We’ll start from a slightly modified setup from last post, loosely inspired by the Netflix Prize. The full code for the example can be found here on GitHub.

The problem and setup

In the early 2000s, Netflix had an interesting problem. Netflix’s business model was simple: you would subscribe, and for a fixed fee you could watch as many movies from their catalog as you wanted. However, what happened was the following: users would watch all the movies they knew they wanted to watch, and after a while, they would run out of ideas – and rather than search for lesser-known movies, they would leave. As a result, Netflix launched a prize: if you could create a model that could provide users with good recommendations for new movies to watch, you could claim a $1,000,000 prize.

Obviously, we won’t try to replicate the Netflix prize here, if only because the dataset was rather large; 500,000 users and 20,000 movies is a lot of data… We will instead work off a fake, simplified dataset that illustrates some of the key ideas behind collaborative recommendation engines, and how SVD can help in that context. For the sake of clarity, I’ll be erring on the side of extra-verbose.

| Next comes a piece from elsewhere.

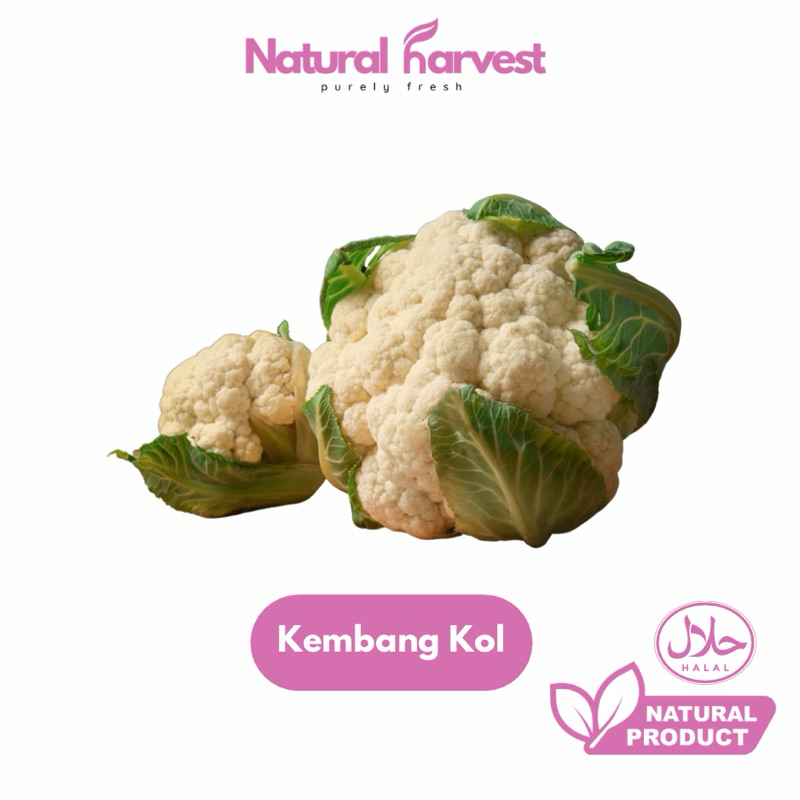 

Kembang Kol Super Fresh 1kg | NaturalHarvest!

Our dataset consists of users and movies; a movie can be rated from 1 star (terrible) to 5 stars (awesome). We’ll represent it with a Rating record type, associating a UserId, MovieId, and Rating:

type UserId = int
type MovieId = int
type Rating = { UserId:UserId; MovieId:MovieId; Rating:int }

To make our life simpler, and to be able to validate whether “it works”, we’ll imagine a world where only 3 types of movies exist, say, Action, Romance and Documentary – and where people have simple tastes: people either love Action and hate the rest, love Romance or hate the rest, or love Documentaries and hate the rest. We’ll assume that we have only 12 movies in our catalog: 0 to 3 are Action, 4 to 7 Romance, and 8 to 11 Documentary.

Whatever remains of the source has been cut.